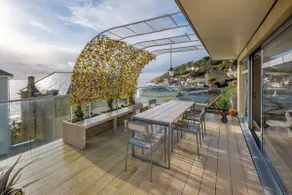 The Beach House - Image 4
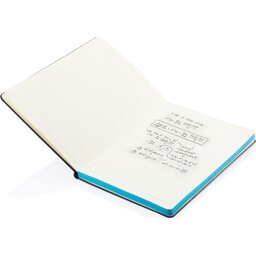 p773.305__b_4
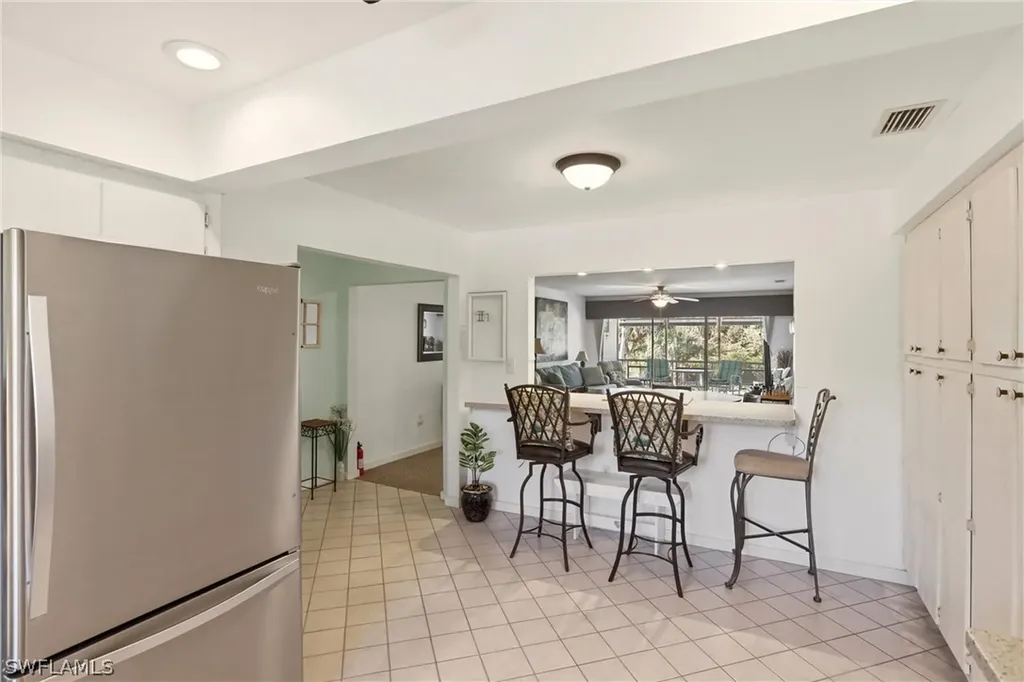 215 Cypress Way E Naples FL 34110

* _YOUR TASK_:
Where a picture appears, omit it, and otherwise retype the material exactly.

* _ANSWER TO THIS PROBLEM_:
 The Beach House - Image 4
 p773.305__b_4
 215 Cypress Way E Naples FL 34110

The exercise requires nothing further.